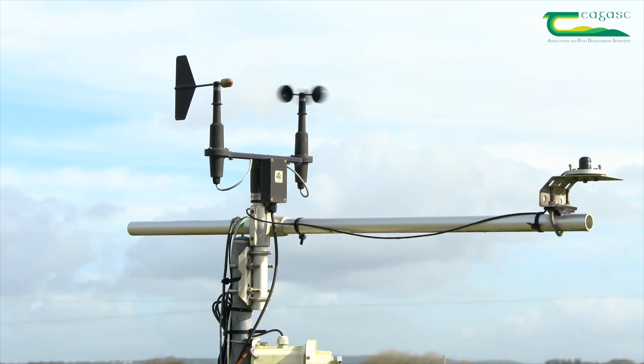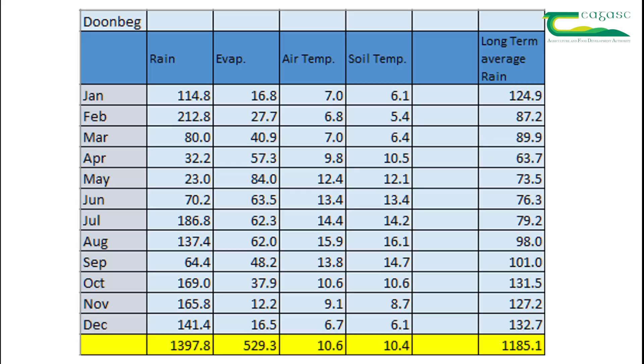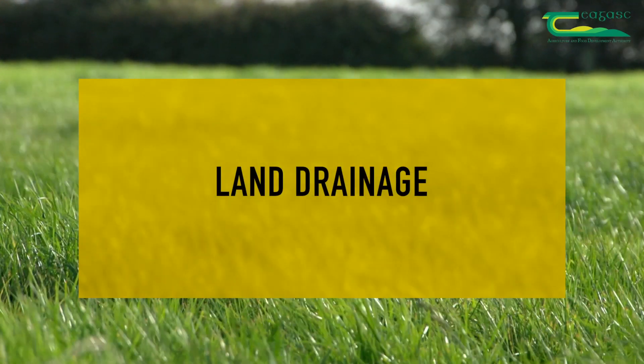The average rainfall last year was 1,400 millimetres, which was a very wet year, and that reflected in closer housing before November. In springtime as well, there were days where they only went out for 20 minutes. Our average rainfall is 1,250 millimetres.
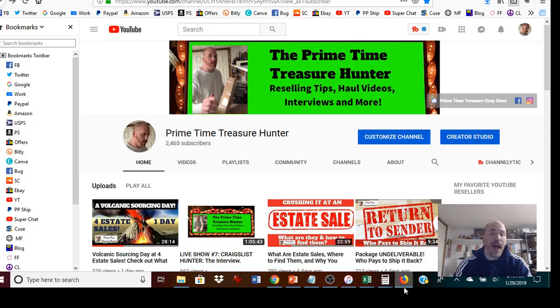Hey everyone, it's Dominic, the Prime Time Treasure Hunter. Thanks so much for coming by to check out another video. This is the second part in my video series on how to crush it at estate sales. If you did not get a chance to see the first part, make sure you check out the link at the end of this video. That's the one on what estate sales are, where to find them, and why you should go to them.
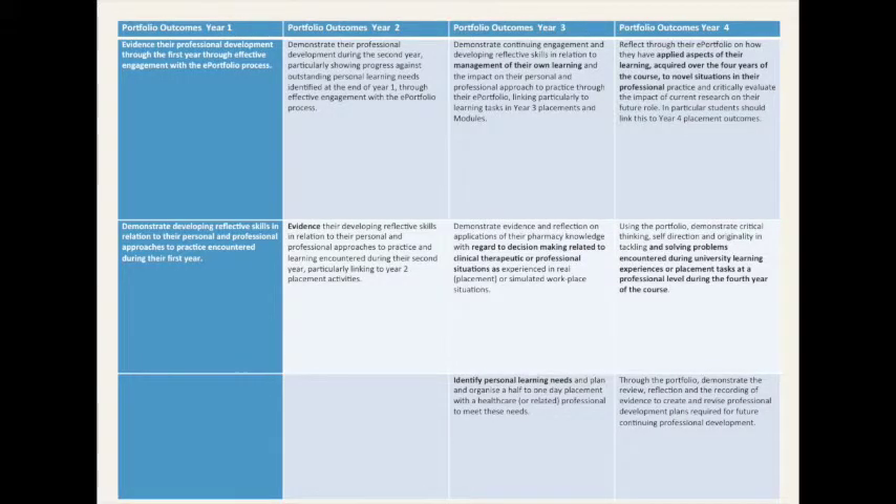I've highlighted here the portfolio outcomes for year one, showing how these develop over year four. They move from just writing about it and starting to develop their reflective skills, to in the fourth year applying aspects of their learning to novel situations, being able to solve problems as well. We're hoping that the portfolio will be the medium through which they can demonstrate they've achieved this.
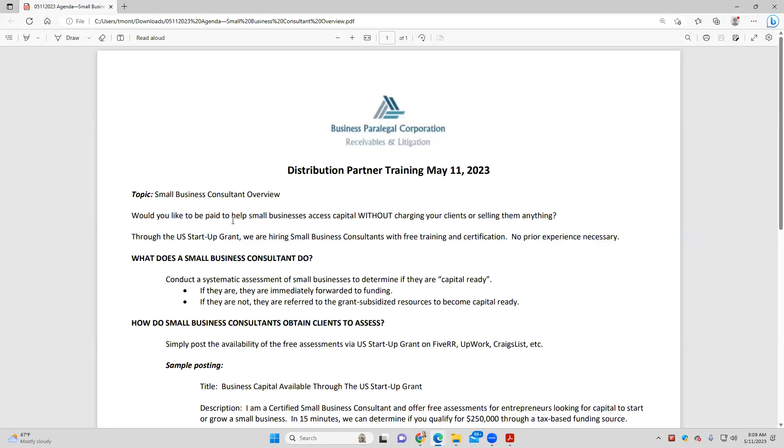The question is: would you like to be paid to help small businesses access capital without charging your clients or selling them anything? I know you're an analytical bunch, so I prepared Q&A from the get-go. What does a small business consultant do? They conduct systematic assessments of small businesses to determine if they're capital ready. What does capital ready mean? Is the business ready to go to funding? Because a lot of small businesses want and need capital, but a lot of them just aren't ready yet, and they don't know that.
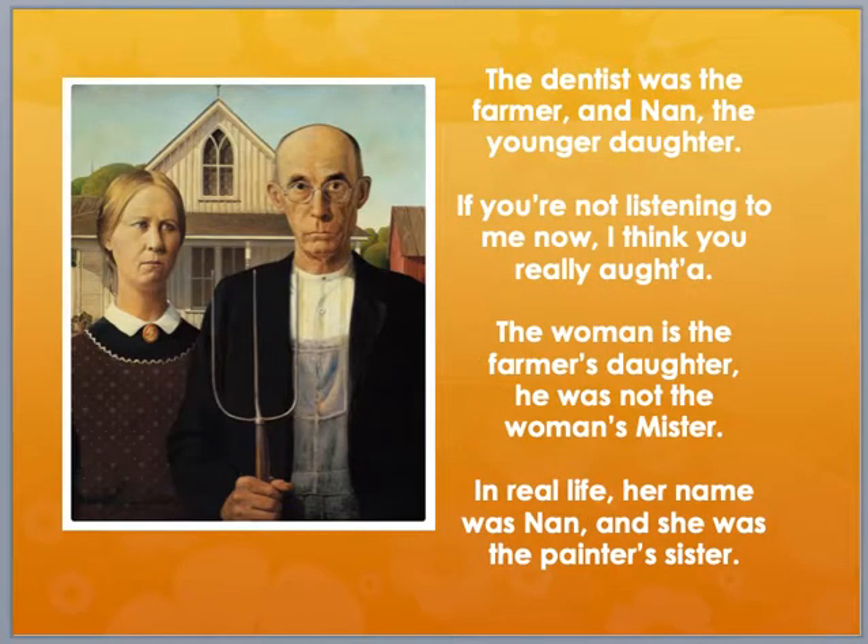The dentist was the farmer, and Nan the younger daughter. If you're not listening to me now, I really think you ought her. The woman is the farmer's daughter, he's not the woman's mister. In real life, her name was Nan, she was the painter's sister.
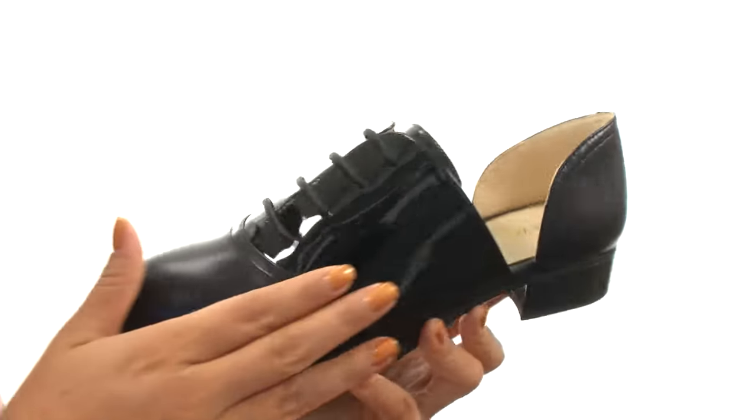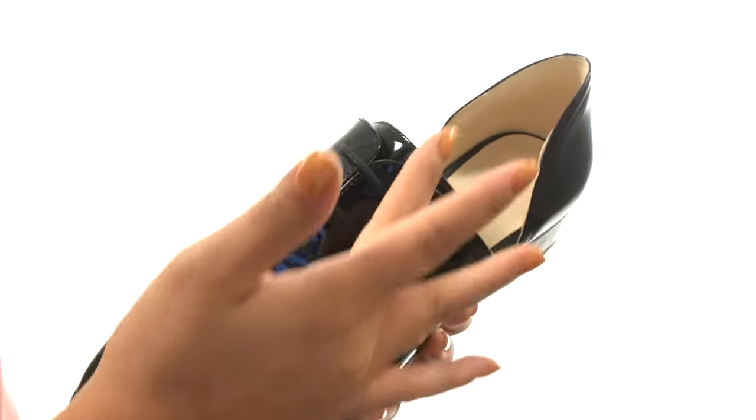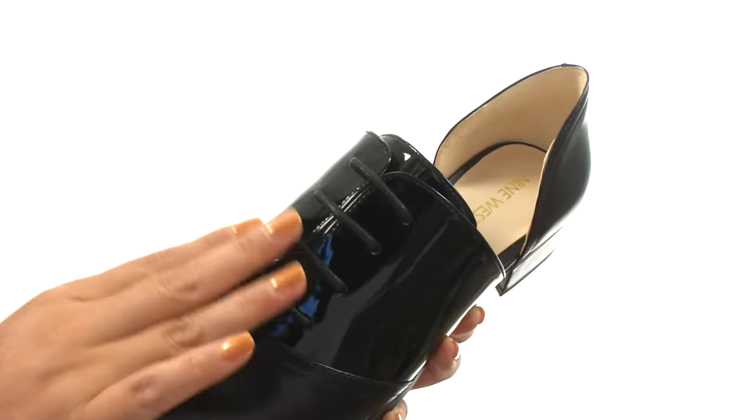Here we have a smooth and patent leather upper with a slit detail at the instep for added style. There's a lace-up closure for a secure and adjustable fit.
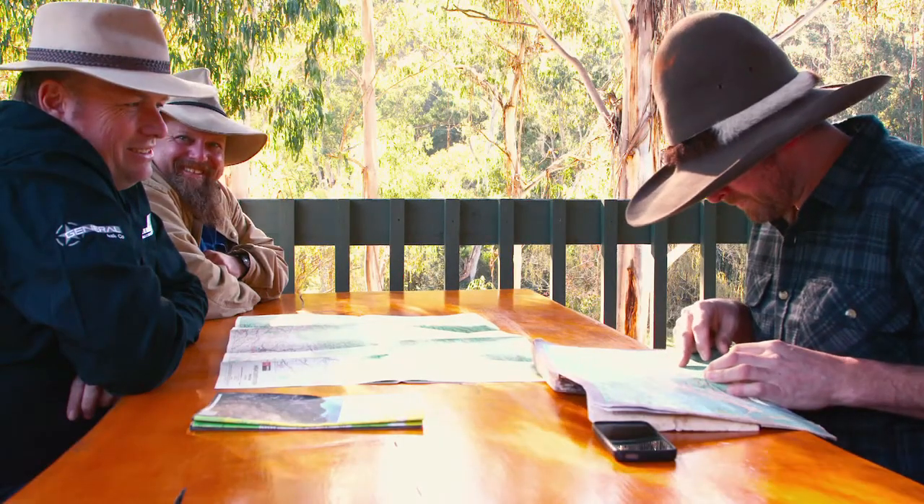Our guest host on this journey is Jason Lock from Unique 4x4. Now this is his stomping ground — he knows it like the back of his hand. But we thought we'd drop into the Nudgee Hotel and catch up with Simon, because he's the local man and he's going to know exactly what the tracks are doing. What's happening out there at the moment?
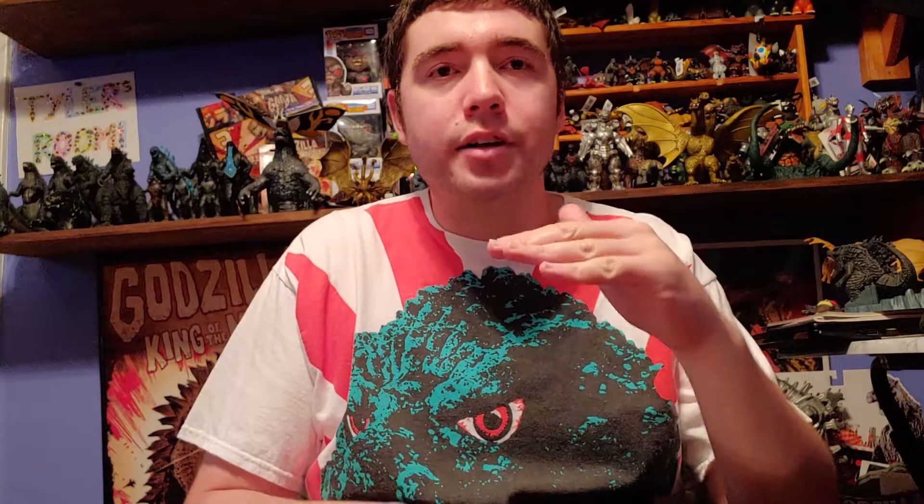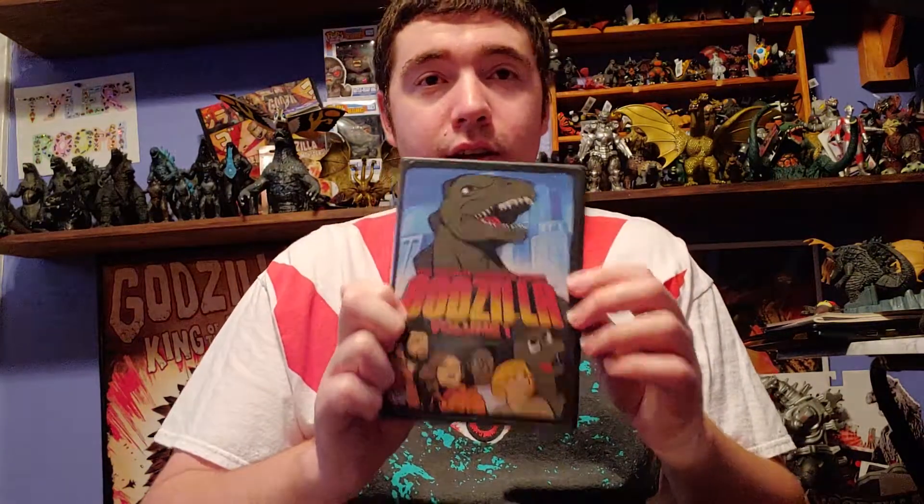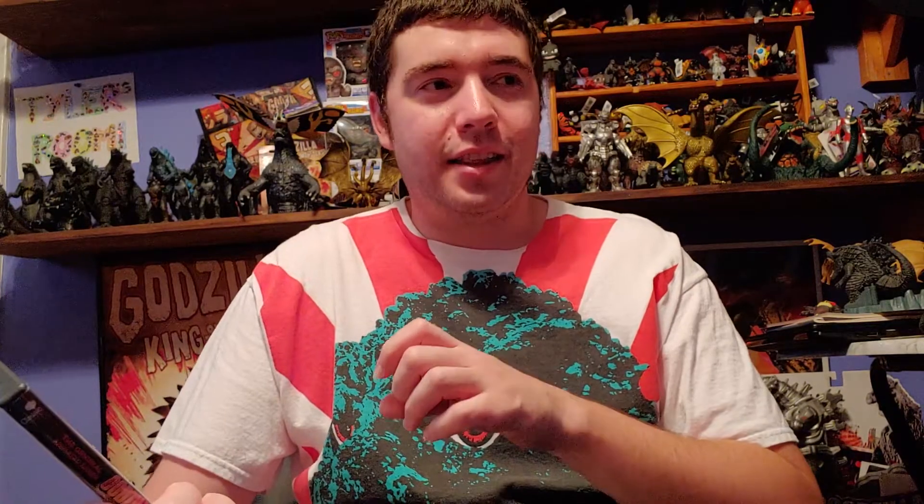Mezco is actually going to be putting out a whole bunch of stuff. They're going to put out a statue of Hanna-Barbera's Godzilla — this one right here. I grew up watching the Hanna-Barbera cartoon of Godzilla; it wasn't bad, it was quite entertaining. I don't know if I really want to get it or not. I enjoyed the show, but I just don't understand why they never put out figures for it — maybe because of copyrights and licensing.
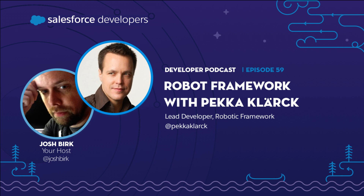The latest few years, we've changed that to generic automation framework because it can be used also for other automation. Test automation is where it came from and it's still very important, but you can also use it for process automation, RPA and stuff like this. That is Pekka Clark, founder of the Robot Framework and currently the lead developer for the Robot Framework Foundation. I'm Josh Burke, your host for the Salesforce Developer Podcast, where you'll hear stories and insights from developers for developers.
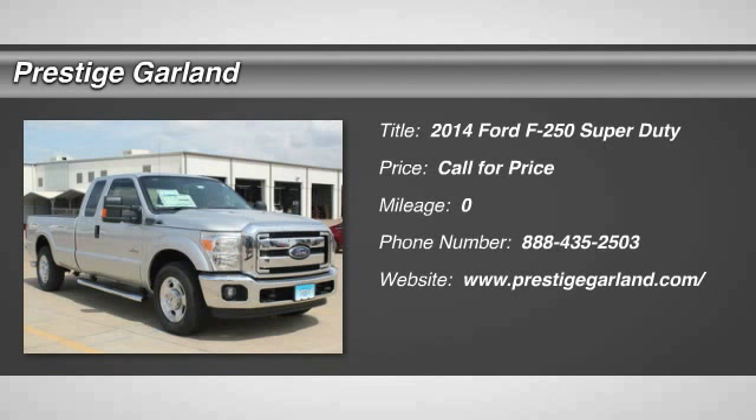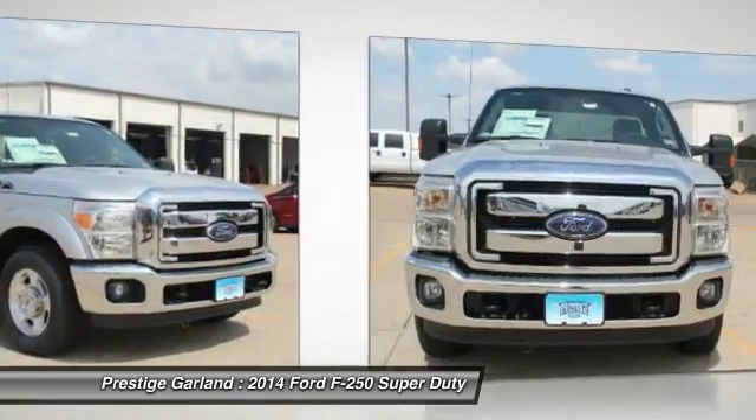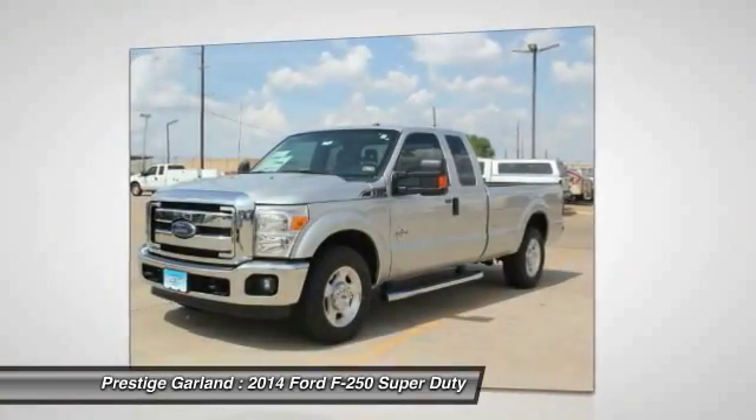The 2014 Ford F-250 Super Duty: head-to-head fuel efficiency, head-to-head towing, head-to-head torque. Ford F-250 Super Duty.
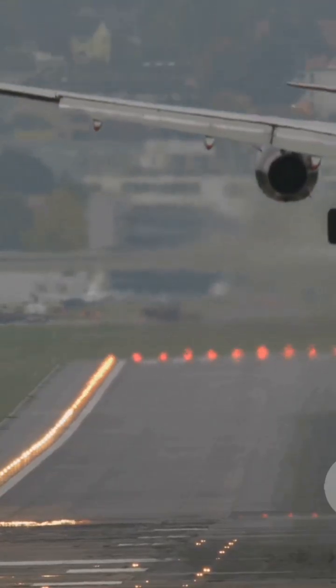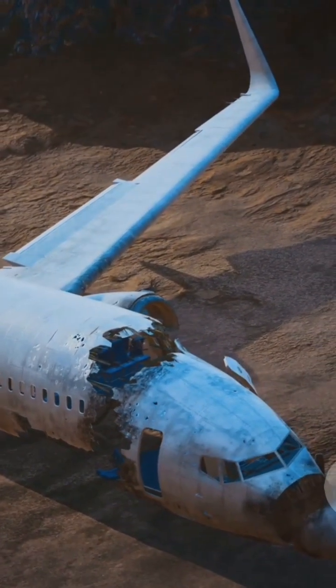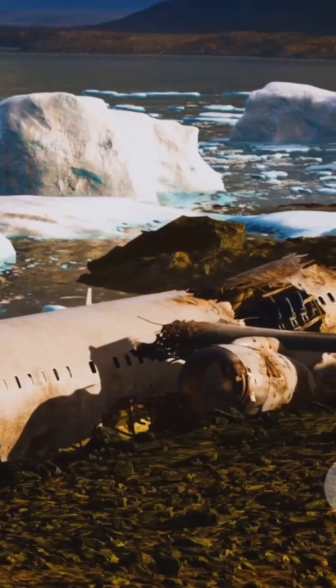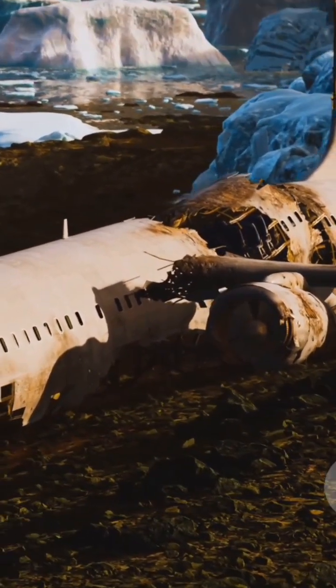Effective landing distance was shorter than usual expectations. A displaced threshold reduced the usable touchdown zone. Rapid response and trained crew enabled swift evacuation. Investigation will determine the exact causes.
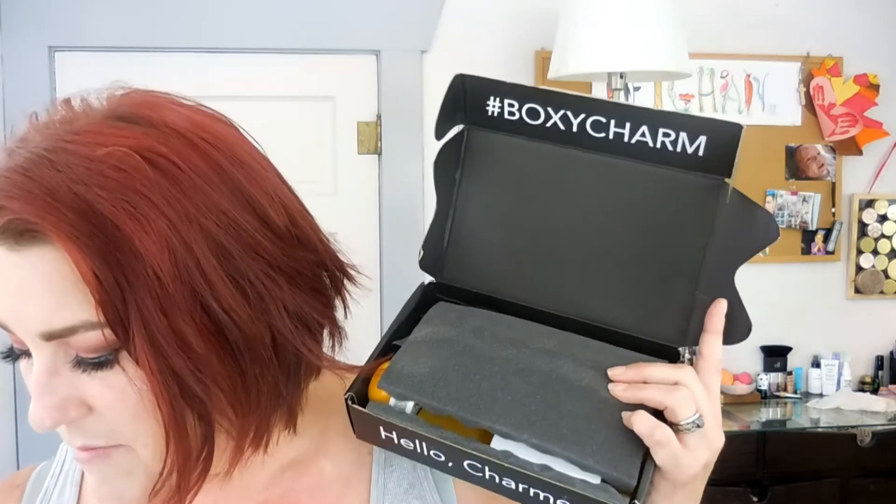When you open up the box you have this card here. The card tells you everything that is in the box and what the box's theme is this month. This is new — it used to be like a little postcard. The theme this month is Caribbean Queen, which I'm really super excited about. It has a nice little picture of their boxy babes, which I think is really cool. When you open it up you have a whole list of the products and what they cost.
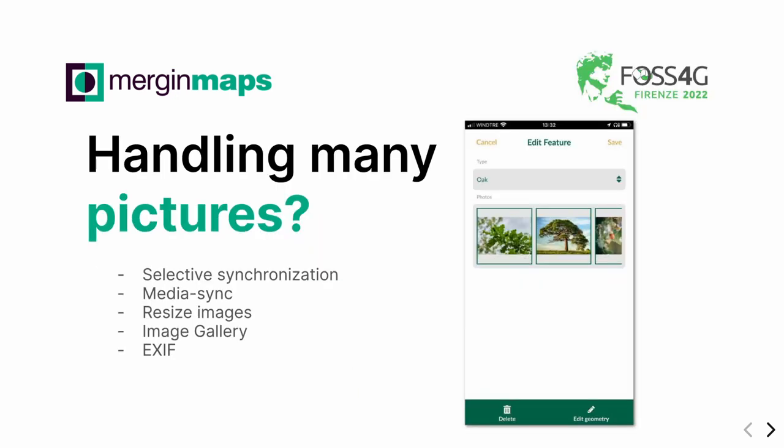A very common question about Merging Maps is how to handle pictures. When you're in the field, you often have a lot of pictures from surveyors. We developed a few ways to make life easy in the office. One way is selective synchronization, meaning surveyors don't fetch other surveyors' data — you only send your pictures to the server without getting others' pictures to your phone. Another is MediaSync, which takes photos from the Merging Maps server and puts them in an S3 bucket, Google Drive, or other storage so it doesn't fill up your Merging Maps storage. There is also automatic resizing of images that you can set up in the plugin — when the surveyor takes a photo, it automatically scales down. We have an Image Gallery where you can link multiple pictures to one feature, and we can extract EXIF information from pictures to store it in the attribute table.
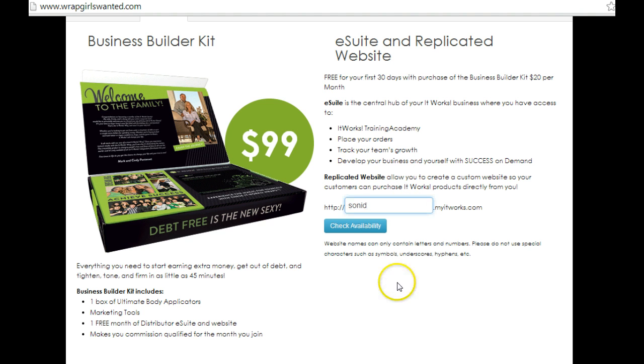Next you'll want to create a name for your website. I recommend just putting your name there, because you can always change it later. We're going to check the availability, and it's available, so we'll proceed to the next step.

◆ ◆ ◆

WORK ITEM:
Without including the pictures, reproduce all entries exactly.

EXPECTED OUTPUT:
The average rainfall last year was 1,400 millimetres, which was a very wet year, and that reflected in closer housing before November. In springtime as well, there were days where they only went out for 20 minutes. Our average rainfall is 1,250 millimetres.
Hey everyone, it's Dominic, the Prime Time Treasure Hunter. Thanks so much for coming by to check out another video. This is the second part in my video series on how to crush it at estate sales. If you did not get a chance to see the first part, make sure you check out the link at the end of this video. That's the one on what estate sales are, where to find them, and why you should go to them.
I've highlighted here the portfolio outcomes for year one, showing how these develop over year four. They move from just writing about it and starting to develop their reflective skills, to in the fourth year applying aspects of their learning to novel situations, being able to solve problems as well. We're hoping that the portfolio will be the medium through which they can demonstrate they've achieved this.
The question is: would you like to be paid to help small businesses access capital without charging your clients or selling them anything? I know you're an analytical bunch, so I prepared Q&A from the get-go. What does a small business consultant do? They conduct systematic assessments of small businesses to determine if they're capital ready. What does capital ready mean? Is the business ready to go to funding? Because a lot of small businesses want and need capital, but a lot of them just aren't ready yet, and they don't know that.
The dentist was the farmer, and Nan the younger daughter. If you're not listening to me now, I really think you ought her. The woman is the farmer's daughter, he's not the woman's mister. In real life, her name was Nan, she was the painter's sister.
Here we have a smooth and patent leather upper with a slit detail at the instep for added style. There's a lace-up closure for a secure and adjustable fit.
Our guest host on this journey is Jason Lock from Unique 4x4. Now this is his stomping ground — he knows it like the back of his hand. But we thought we'd drop into the Nudgee Hotel and catch up with Simon, because he's the local man and he's going to know exactly what the tracks are doing. What's happening out there at the moment?
Mezco is actually going to be putting out a whole bunch of stuff. They're going to put out a statue of Hanna-Barbera's Godzilla — this one right here. I grew up watching the Hanna-Barbera cartoon of Godzilla; it wasn't bad, it was quite entertaining. I don't know if I really want to get it or not. I enjoyed the show, but I just don't understand why they never put out figures for it — maybe because of copyrights and licensing.
The latest few years, we've changed that to generic automation framework because it can be used also for other automation. Test automation is where it came from and it's still very important, but you can also use it for process automation, RPA and stuff like this. That is Pekka Clark, founder of the Robot Framework and currently the lead developer for the Robot Framework Foundation. I'm Josh Burke, your host for the Salesforce Developer Podcast, where you'll hear stories and insights from developers for developers.
The 2014 Ford F-250 Super Duty: head-to-head fuel efficiency, head-to-head towing, head-to-head torque. Ford F-250 Super Duty.
Effective landing distance was shorter than usual expectations. A displaced threshold reduced the usable touchdown zone. Rapid response and trained crew enabled swift evacuation. Investigation will determine the exact causes.
When you open up the box you have this card here. The card tells you everything that is in the box and what the box's theme is this month. This is new — it used to be like a little postcard. The theme this month is Caribbean Queen, which I'm really super excited about. It has a nice little picture of their boxy babes, which I think is really cool. When you open it up you have a whole list of the products and what they cost.
A very common question about Merging Maps is how to handle pictures. When you're in the field, you often have a lot of pictures from surveyors. We developed a few ways to make life easy in the office. One way is selective synchronization, meaning surveyors don't fetch other surveyors' data — you only send your pictures to the server without getting others' pictures to your phone. Another is MediaSync, which takes photos from the Merging Maps server and puts them in an S3 bucket, Google Drive, or other storage so it doesn't fill up your Merging Maps storage. There is also automatic resizing of images that you can set up in the plugin — when the surveyor takes a photo, it automatically scales down. We have an Image Gallery where you can link multiple pictures to one feature, and we can extract EXIF information from pictures to store it in the attribute table.
Next you'll want to create a name for your website. I recommend just putting your name there, because you can always change it later. We're going to check the availability, and it's available, so we'll proceed to the next step.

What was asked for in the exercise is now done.